BEGIN SOURCE INFORMATION
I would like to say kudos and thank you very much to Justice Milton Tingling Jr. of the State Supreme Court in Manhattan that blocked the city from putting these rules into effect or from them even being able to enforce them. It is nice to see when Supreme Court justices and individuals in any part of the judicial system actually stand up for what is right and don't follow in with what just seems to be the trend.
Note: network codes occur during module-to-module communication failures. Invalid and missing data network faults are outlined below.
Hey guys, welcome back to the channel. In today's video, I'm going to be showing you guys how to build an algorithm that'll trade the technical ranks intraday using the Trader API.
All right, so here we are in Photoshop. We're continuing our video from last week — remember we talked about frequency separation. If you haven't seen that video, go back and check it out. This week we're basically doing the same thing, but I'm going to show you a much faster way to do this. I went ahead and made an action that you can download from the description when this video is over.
END SOURCE INFORMATION
BEGIN SOURCE INFORMATION
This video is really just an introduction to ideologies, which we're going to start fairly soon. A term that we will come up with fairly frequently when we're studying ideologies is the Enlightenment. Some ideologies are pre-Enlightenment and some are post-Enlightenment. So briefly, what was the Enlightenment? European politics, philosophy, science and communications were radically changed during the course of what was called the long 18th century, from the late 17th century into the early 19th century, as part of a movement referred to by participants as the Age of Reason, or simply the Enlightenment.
END SOURCE INFORMATION
- **REQUIRED ACTION**
Output the lines above between the one holding "I would like" and the one holding "Hey guys, welcome", inclusive, with nothing before or after them.

- **TASK RESPONSE**
I would like to say kudos and thank you very much to Justice Milton Tingling Jr. of the State Supreme Court in Manhattan that blocked the city from putting these rules into effect or from them even being able to enforce them. It is nice to see when Supreme Court justices and individuals in any part of the judicial system actually stand up for what is right and don't follow in with what just seems to be the trend.
Note: network codes occur during module-to-module communication failures. Invalid and missing data network faults are outlined below.
Hey guys, welcome back to the channel. In today's video, I'm going to be showing you guys how to build an algorithm that'll trade the technical ranks intraday using the Trader API.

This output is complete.